Updated on 18 June 2013
Sharing her views, Dr Usha Zehr Barwale, chief technology officer, Mahyco said, "The GEAC certainly is very important for all of us to get clearances for GM crop trials. Therefore, it is a welcome move as there is a lot that is on stake for the agribiotech companies. "
"It is good news and will bring cheer to the industry. The void created by the non functional GEAC will have to be filled and cases that need attention be addressed as soon as possible," said Dr Seetharam Annadana, traits development and vegetable R&D management lead, Syngenta South Asia.
Do GEAC require a makeover?
Dr S R Rao, senior advisor, Department of Biotechnology, feels that this is a routine process of reconstitution and nothing can be read into it. "The committee functioning will remain as it was mentioned earlier," he said. Dr Rao feels that making Biotechnology Regulatory Authority of India (BRAI) bill in itself was a marathon test and agrees that sustainable strategy is very much required for the agribiotech sector.

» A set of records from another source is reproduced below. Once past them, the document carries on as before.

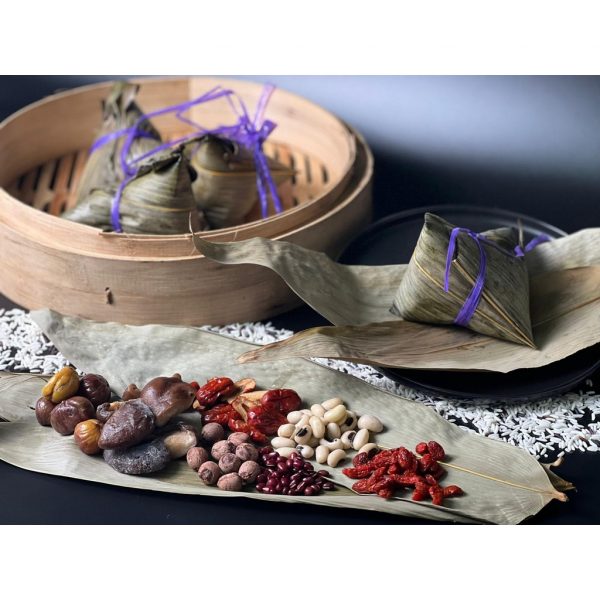 Nourishing Eight Treasures Rice Dumpling - Healthier Choice (240g +-) 八宝养身粽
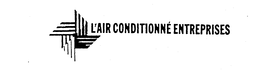 L'AIR CONDITIONNE ENTREPRISES logo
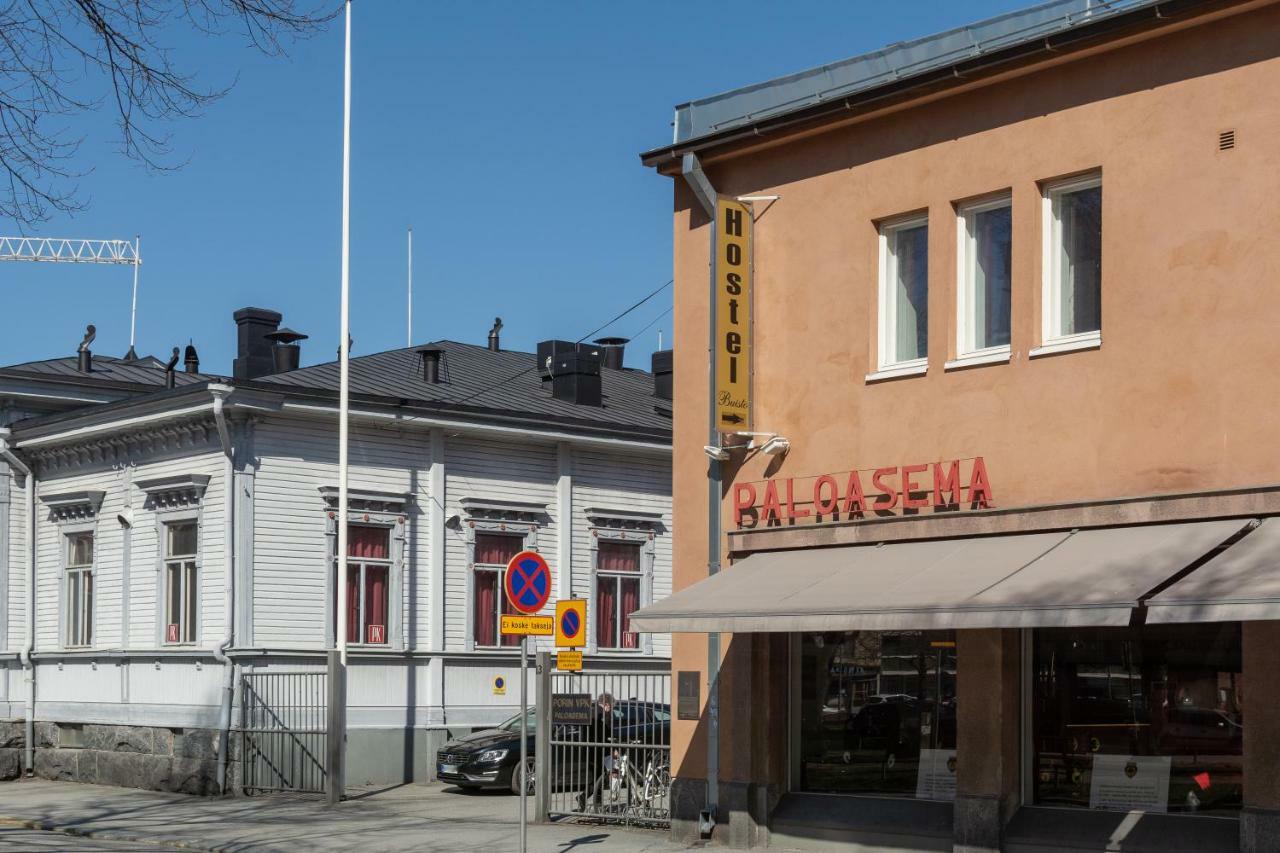 Hostel Buisto بوري المظهر الخارجي الصورة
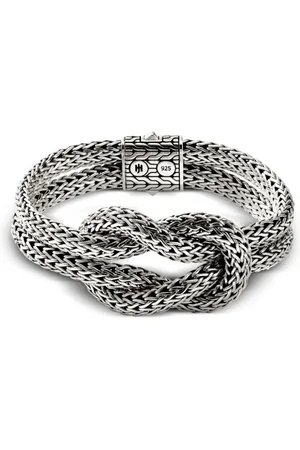 John Hardy Sterling Love Knot bracelet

Many think that the regulatory structure, as well as the GEAC as a body must undergo a quick revamp. "At present, we all know that the regulatory structure is very complex and we have to bear with the same system for the time being. However, I am equally hopeful that the government will put the resolution of the issue on fast track mode. We hope that the pending BRAI bill would soon be tabled in the parliament and the new better regulatory system will replace this existing one," pointed out Dr Seetharama of ABLE-AG.
Echoing similar sentiments, a former member secretary of GEAC and now a prominent member of the industry told BioSpectrum that unless the structure of the regulatory body doesn't undergo change, it will continue to function in the way it used to. He in particular pointed out that GEAC meetings have to be organized more frequently and more seriously. "The body has to be more vocal about its status and importance," he said on condition of anonymity.